Let’s consider $A = I$. Then we want to solve
\[\begin{align*} \det(I + tX - \lambda I) &= 0 \\ t^n\det\left(X - \frac{\lambda - 1}{t} I\right) &= 0 \end{align*}\]i.e., $\lambda$ is an eigenvalue of $I + tX$ if and only if $\ds \frac{\lambda - 1}{t}$ is an eigenvalue of $X$. So the eigenvalues of $I + tX$ are
\[1 + t\mu_1, ..., 1 + t\mu_k\]where $\mu_1, …, \mu_k$ are the eigenvalues of $X$. So considering the determinant,
\[\begin{align*} \det(I + tX) &= \prod_{i=1}^k (1 + t\mu_i) \\ \frac{d}{dt}\bigg\vert_{t=0} \det(I + tX) &= \sum_{i=1}^k \mu_i \\ (D_I \det)(X)&= \text{tr} X \end{align*}\]Now considering the derivative at any arbitrary matrix $A \in SL(n, \R)$,
\[\begin{align*} (D_A \det)(X) &= \frac{d}{dt}\bigg\vert_{t=0} \det(A + tX) \\ &= \frac{d}{dt}\bigg\vert_{t=0} \det(A(I + t\inv A X)) \\ &= \det(A) \cdot \frac{d}{dt}\bigg\vert_{t=0} \det(I + t\inv A X) \\ &= \det(A) \cdot (D_I \det)(\inv A X) \\ &= \det(A) \text{tr}(\inv A X) \end{align*}\]Suppose $\det(A) = 1$, then
\[(D_A \det)(X) = \text{tr}(X)\]which is surjective onto $\R$, so $\det$ has maximal rank on $SL(n, \R) = \inv \det \curlies 1$. Thus, $1$ is a regular value, so $SL(n, \R)$ is a submanifold.

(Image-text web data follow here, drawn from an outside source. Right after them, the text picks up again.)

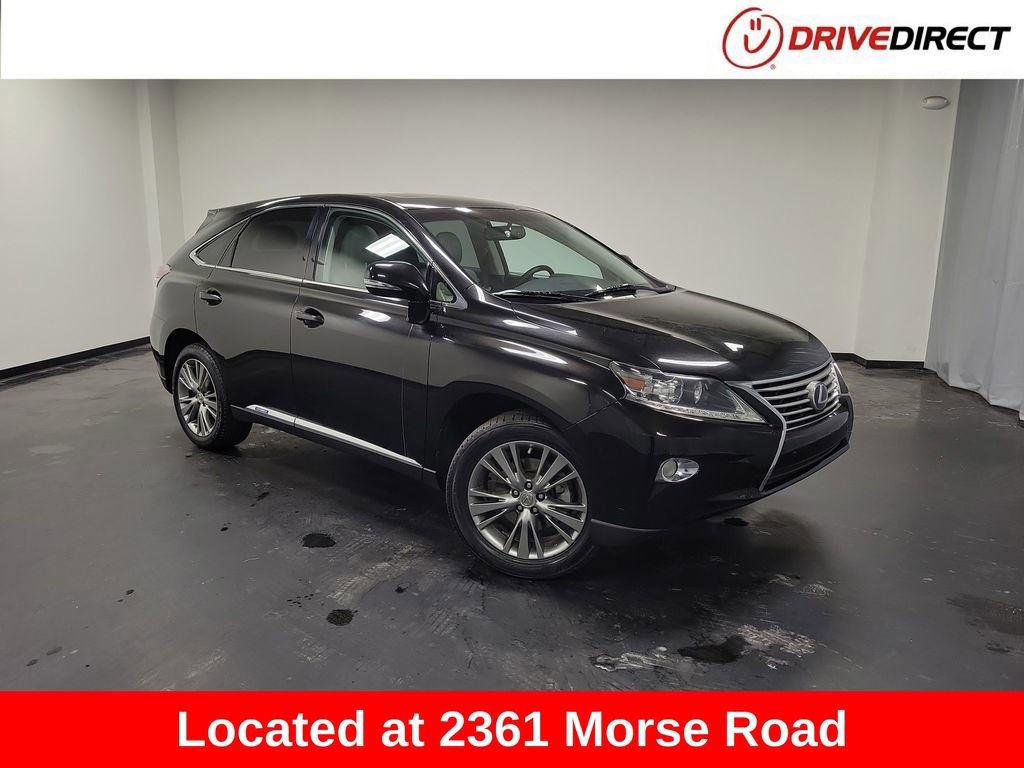 Used 2013 Lexus RX 450h FWD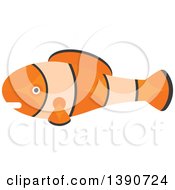 Poster, Art Print Of Clown Fish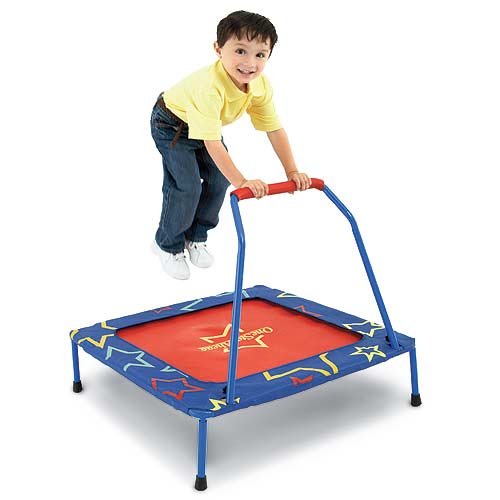 Kids Safety Trampoline with Handle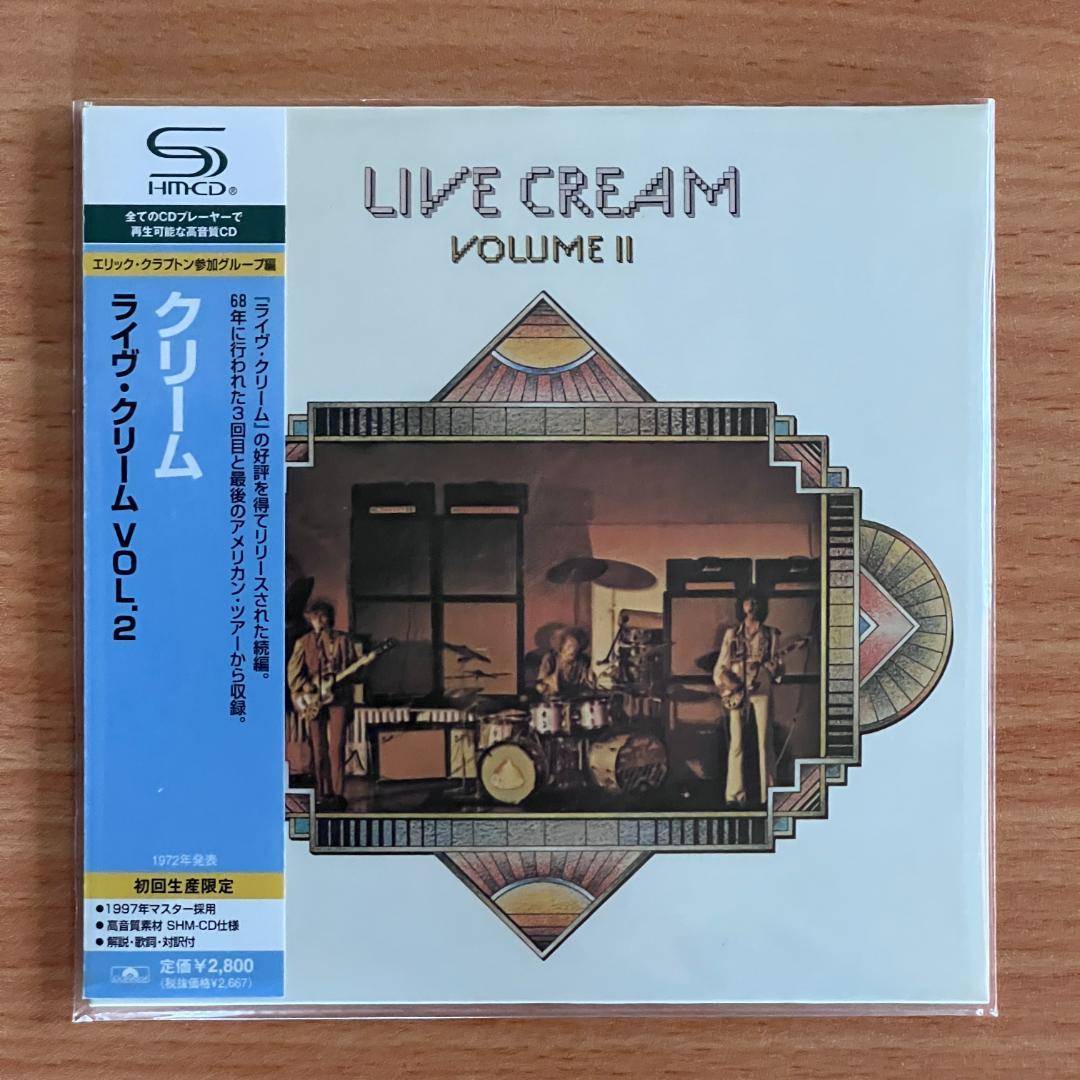 CREAM クリーム / フレッシュ・クリーム 他 紙ジャケ ６タイトル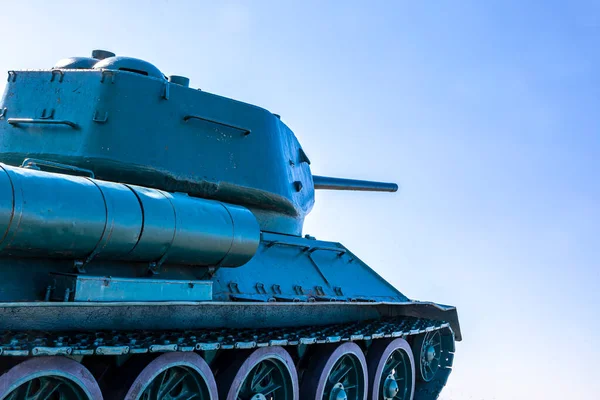 Dünya Savaşı Ndan Kalma Hızlı Tank Topu T3476 Sovyet Kinci — Stok fotoğraf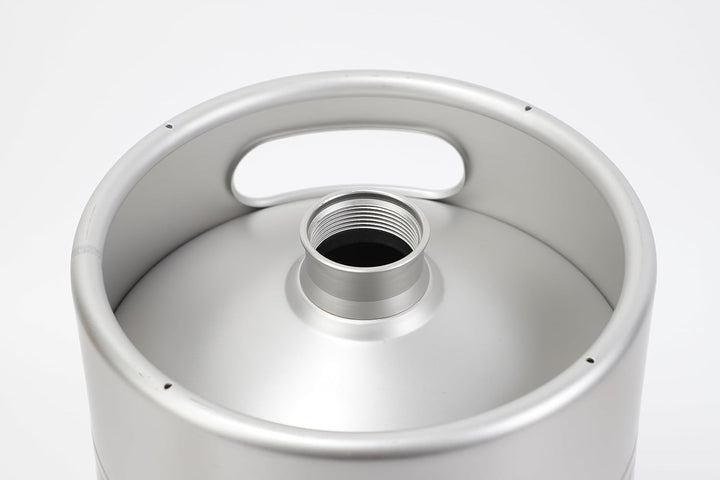 Mini 304 Edelstahl Keg Growler (5L Standard Silber mit Speer)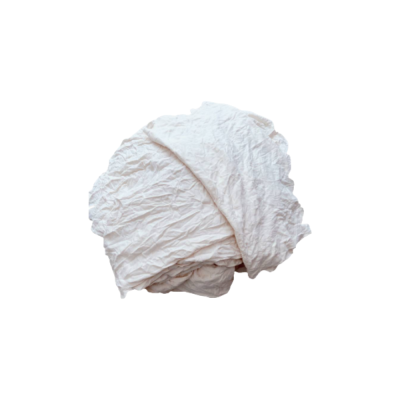 华敏 白色擦机布 白色 kg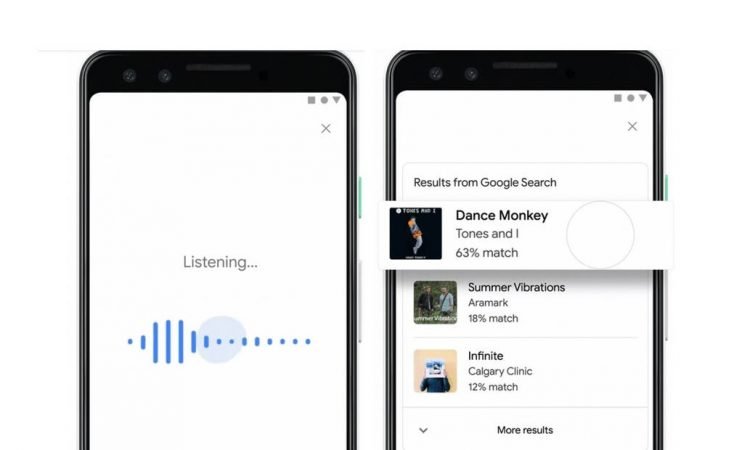 Google ayuda a reconocer canciones con solo tararearlas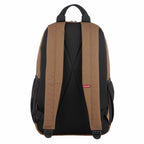 Wolverine Laptop Backpack, 23L Embroidery - Chestnut - Back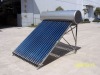Camping solar water heater with non-pressure type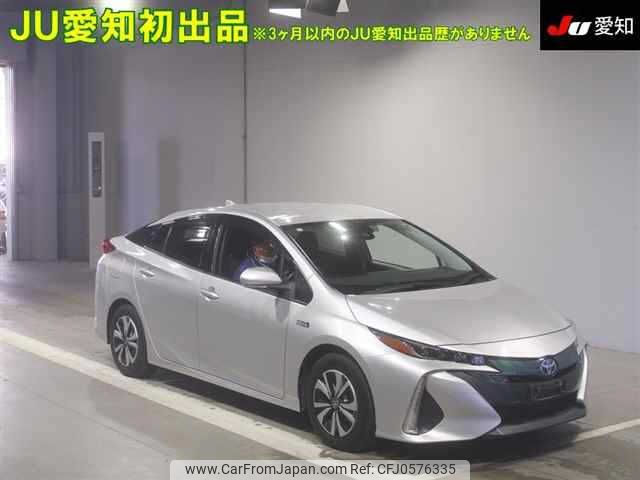 toyota prius-phv 2018 -TOYOTA--Prius PHV ZVW52-3096050---TOYOTA--Prius PHV ZVW52-3096050- image 1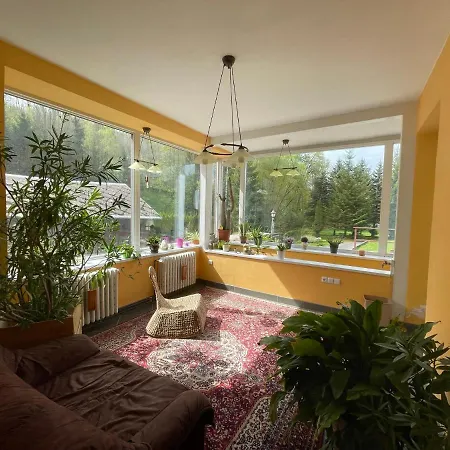 Ubytovani V Krkonosich, Rodinny Apartman Peklicko Horni Lanov Exterior photo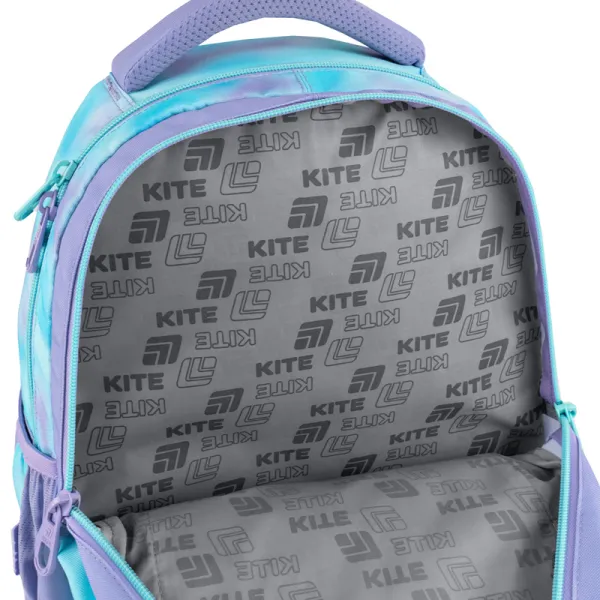 Рюкзак школьный подростковый Kite Education teens 8001M-2 фиолетовый (K25-8001M-2) - Фото 10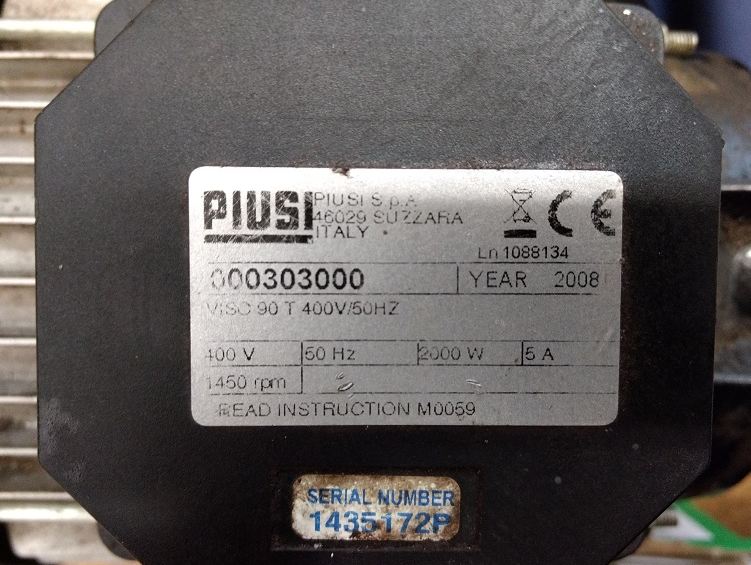 Repair Kit For 000303000 (S/N: 14355172P) 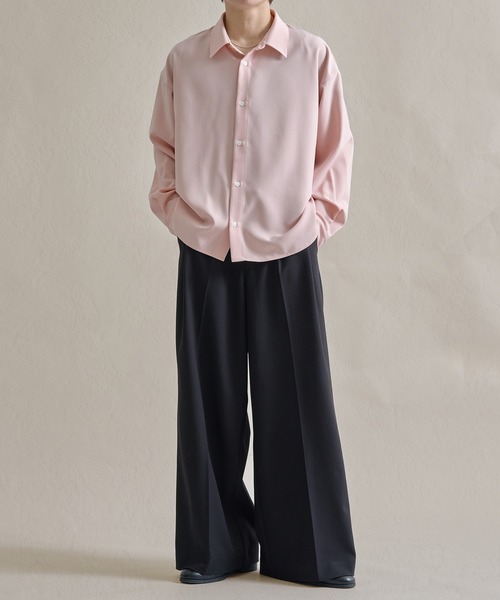 vintage》古着 ブラウス 長袖シャツ Euroヴィンテージ unisex Euro 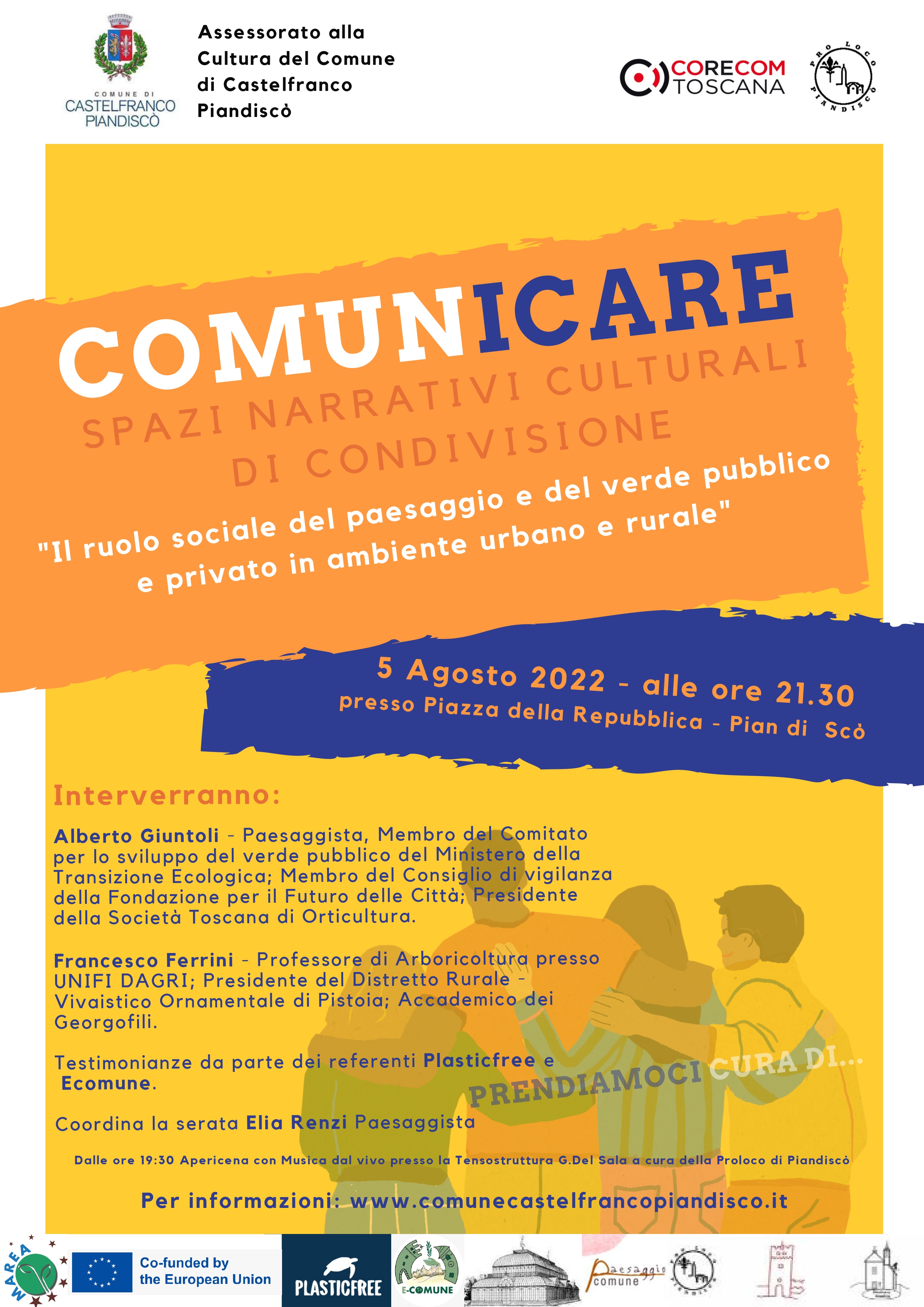 ComunICARE - Terzo appuntamento 05/08/2022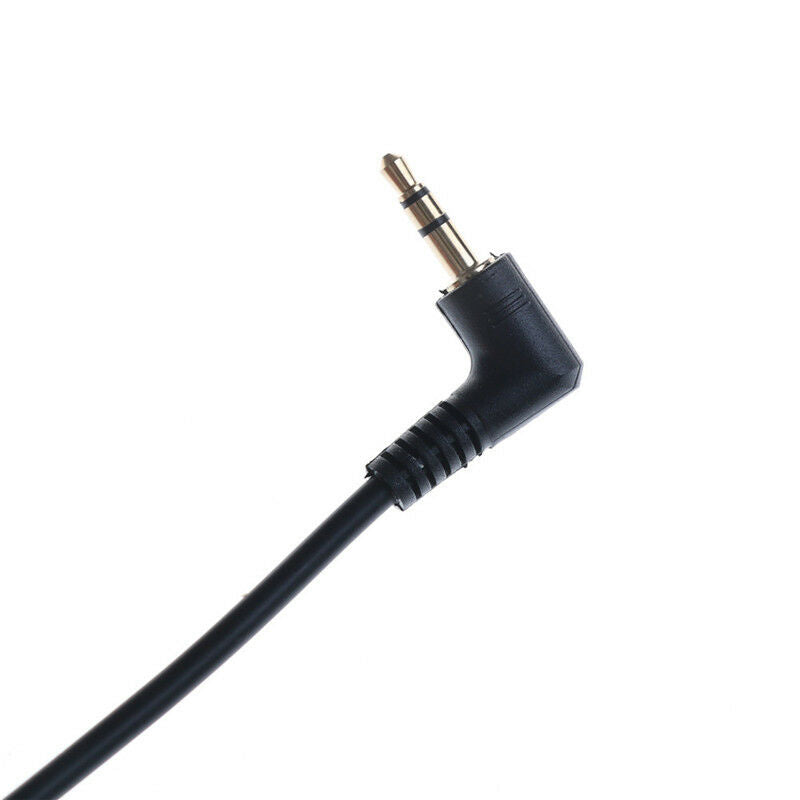 90 Degree Right Angled 3.5mm Jack Male To Male Stereo Audio Cable For CarL*w Rf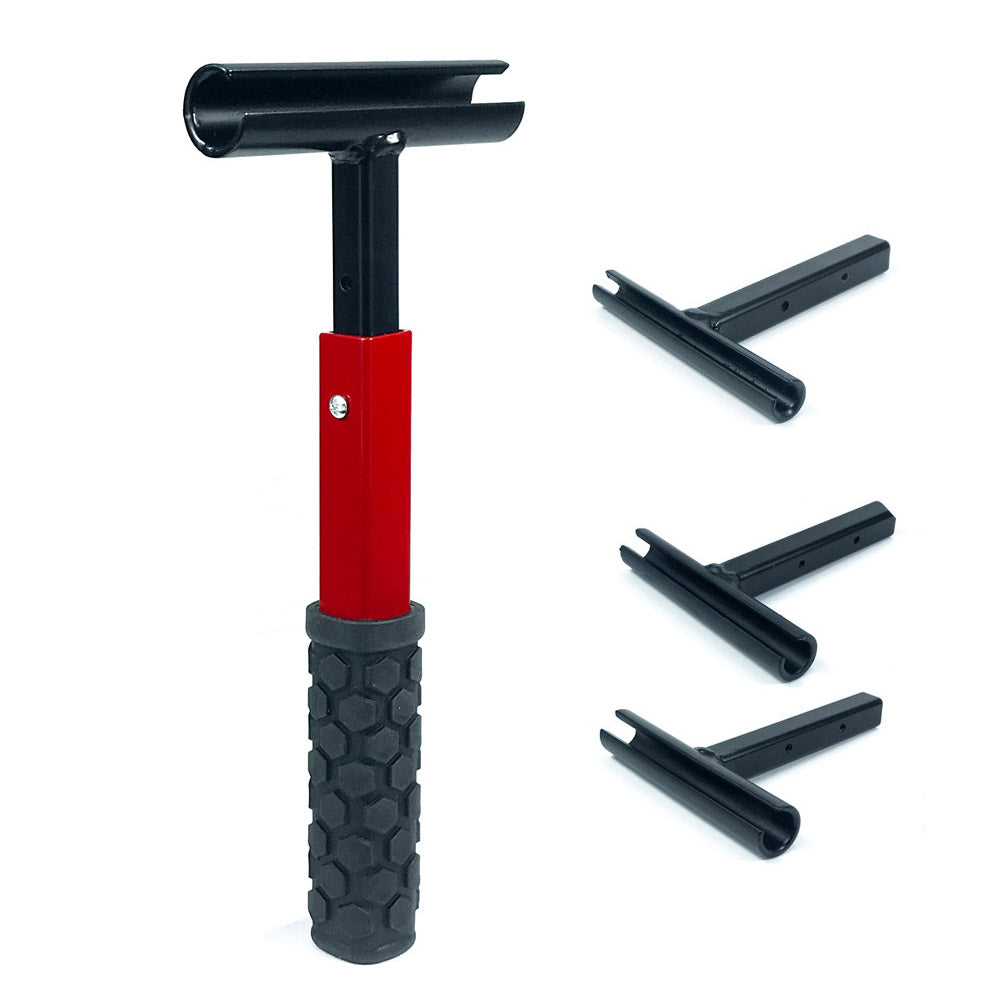 4-in-1 Multifunction Hinge Gap Adjustment Tool High Quality Steel Non-Slip Grip Includes 9mm 13mm 15mm 18mm Ideal for Door Alignment Repair and Gap Correction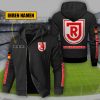 Jahn Regensburg Individueller Name Sportlicher Stil Sport-Hoodie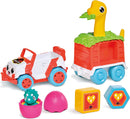 Toomies E73253 Tomy Dino Rescue Ranger, Educational Push & Go Vehicle-1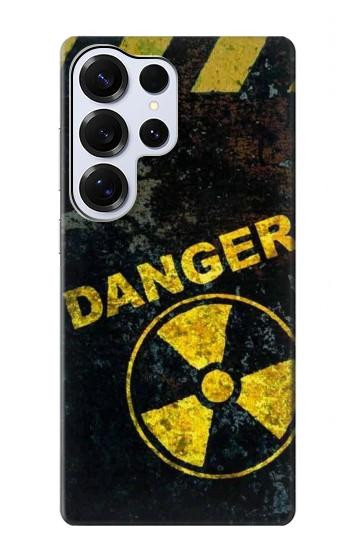 W3891 Nuclear Hazard Danger Case Cover Custodia e Flip Case per Samsung Galaxy S25 Ultra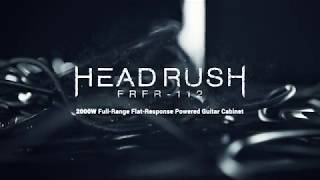 HeadRush FRFR-112  | 2000 WATT Full Range-Flat Response Powered Guitar Cabinet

Calculating its Lie algebra,
\[\begin{align*} \mathfrak{sl}(n, \R) &= T_I SL(n, \R) \\ &= \ker(D_I \det) \\ &= \curlies{X : \text{tr}(X) = 0} \end{align*}\]Properties of matrix Lie algebras
Let $G$ be a matrix Lie group and let $\mathfrak g = T_I G$ be its Lie algebra. Then
- if $A \in G$, $T_A G = \curlies{AX : X \in \mathfrak g} = \curlies{XA : X \in \mathfrak g}$
- if $A \in G$ and $X \in \mathfrak g$, then $AX\inv A \in \mathfrak g$
- if $X, Y \in \mathfrak g$ then so is their commutator, $[X, Y] = XY - YX \in \mathfrak g$
Proof.
Part 1
Let $Y \in T_A G$, then there is some path $\gamma : (-\delta, \delta) \to G$ with $\gamma(0) = A$ that represents $Y$. Then, since $G$ is a Euclidean space, we can identify $Y$ with
\[Y \cong \frac{d}{dt}\bigg\vert_{t=0} \gamma(t)\]Define the path $\lambda(t) = \inv A \gamma(t)$, then $\lambda$ is also a path in $G$ and $\lambda(0) = I$. Then we can identify define the tangent vector $X \in \mathfrak g$ represented by $\lambda$, and we can identify $X$ with
\[X \cong \frac{d}{dt}\bigg\vert_{t=0} \lambda(t) = \frac{d}{dt}\bigg\vert_{t=0} \inv A \gamma(t) = \inv A \frac{d}{dt}\bigg\vert_{t=0} \cong \inv A Y\]so $Y = AX$.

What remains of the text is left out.